Normally each active thread gets a time slice from the scheduler to perform its work (if it is not in the SleepWaitJoin state) then runs its instructions till this alloted time slice ends and the next thread gets its time slice.
This is just the ideal case, sometimes not everything is equal. This is where the priorities come into play. There are
7 different of them, which range from idle to time critical.
Besides this priority scheduling, Windows uses preemptive thread scheduling. This means threads with lower priority are removed (preempted) for threads with higher priority. This would potentially starve threads with lower priority of their processing time. To not starve the lower priority threads, sometimes those get their priority boosted. Possible reasons for this can be user input, putting it into the focus, or another event. After the thread is alloted its time slice and used it, its priority degrades over time to its former value.

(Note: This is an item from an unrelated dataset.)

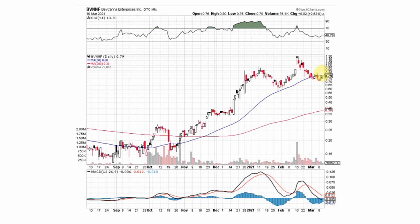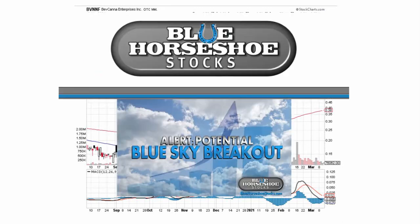And we'll see this stock maintain this beautiful uptrend. Thanks for tuning in folks — be sure to stop by our blog at bluehorseshoestocks.com for updates on all the latest and greatest penny plays.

A thread scheduler also works out the mapping of all threads to processor cores.
Threads and resources
As mentioned above, threads share system resources and also the heap, but not the stack. This is an important distinction with regard to mutable shared state of the application, which is one of the most common reasons for errors in asynchronous programming. (see race conditions and dead locks)
Thread local storage
There is a notion of storage slots, where each thread has an entry for each defined slot and it can store thread specific values. This slots cannot be accessed by other threads. TLS slots are guaranteed to at least have 64 or up to 1088 slots.
copy of the register values.–> important for preemption to return to its instructions (isntruction pointer is restored)
As mentioned all threads in a process share the heap memory, which is all the memory that can be allocated for pointers, and/or object references (in the case of .Net). This is efficient, yet again as mentioned before, it can lead to bugs.
Threads also share operating handles. (file, window, load dll) When a thread is destroyed/ends the thread will not return the handle. So this needs to be done explicitly, else it is only done when the process exits.
In this post we explored how asynchronous is different to synchronous programming, and what problems and trends in modern computing it does solve. Namely the need for a responsive UI, or user input in general, to gain the full advantage of modern multi core processors and the push to cloud and remote functionality.
We also explored the differnt mechanisms of asnychrony, and that Threads are the most apt for windows and .Net technologies.
To end this post we looked into the way threads are scheduled by windows and what resources they share or do not share.